STORED DATA -
----------------------------------------
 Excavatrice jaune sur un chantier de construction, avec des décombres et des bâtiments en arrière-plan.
----------------------------------------
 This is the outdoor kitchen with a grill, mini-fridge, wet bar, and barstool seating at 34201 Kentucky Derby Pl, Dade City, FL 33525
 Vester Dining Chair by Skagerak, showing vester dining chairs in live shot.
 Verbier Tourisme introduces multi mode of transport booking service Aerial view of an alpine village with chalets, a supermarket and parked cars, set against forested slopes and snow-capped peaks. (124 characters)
----------------------------------------
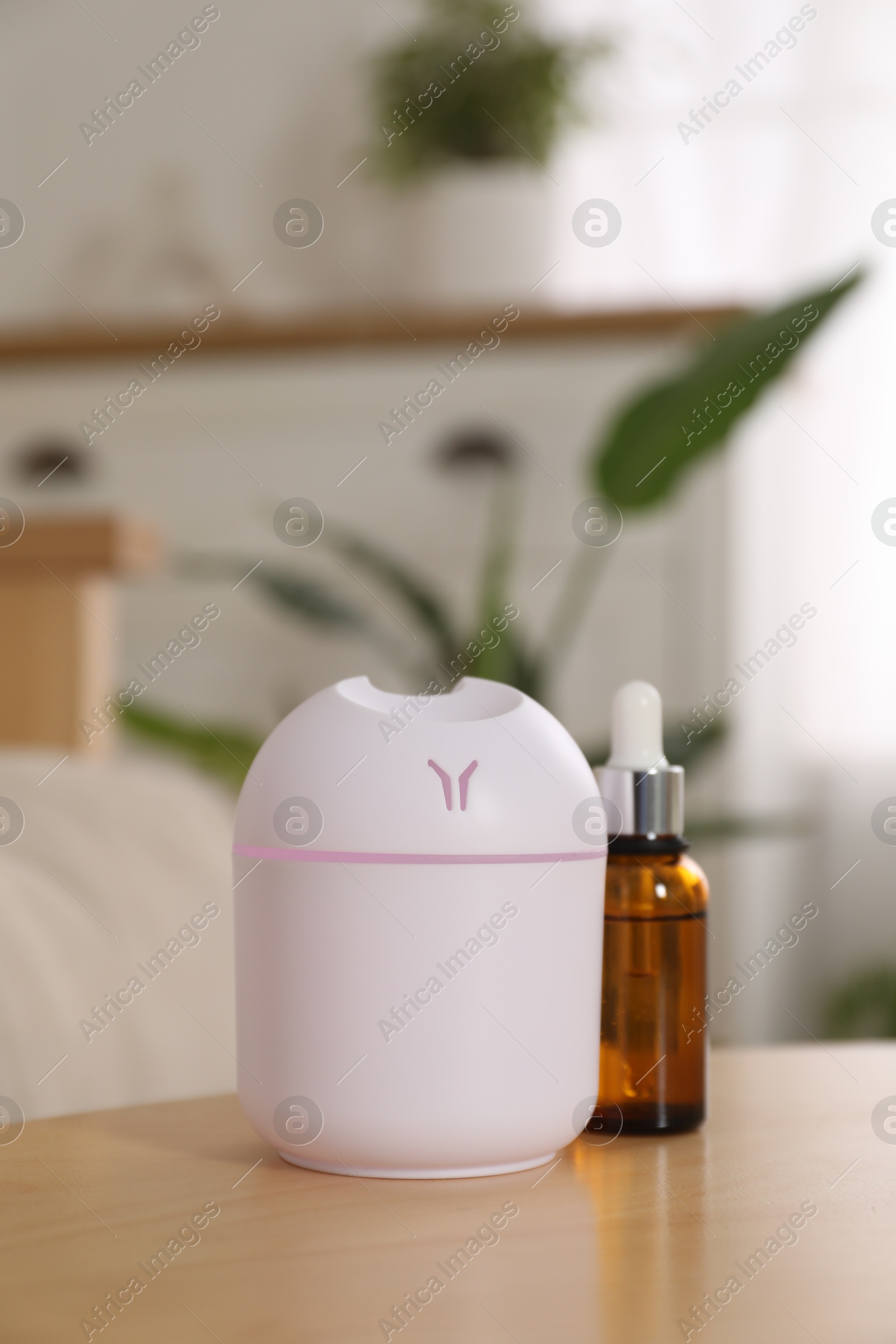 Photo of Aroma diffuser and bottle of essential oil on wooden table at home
----------------------------------------
YOUR TASK - Copy each line of the records that has "with" in it.

RESULT FOR THIS TASK -
 This is the outdoor kitchen with a grill, mini-fridge, wet bar, and barstool seating at 34201 Kentucky Derby Pl, Dade City, FL 33525
 Verbier Tourisme introduces multi mode of transport booking service Aerial view of an alpine village with chalets, a supermarket and parked cars, set against forested slopes and snow-capped peaks. (124 characters)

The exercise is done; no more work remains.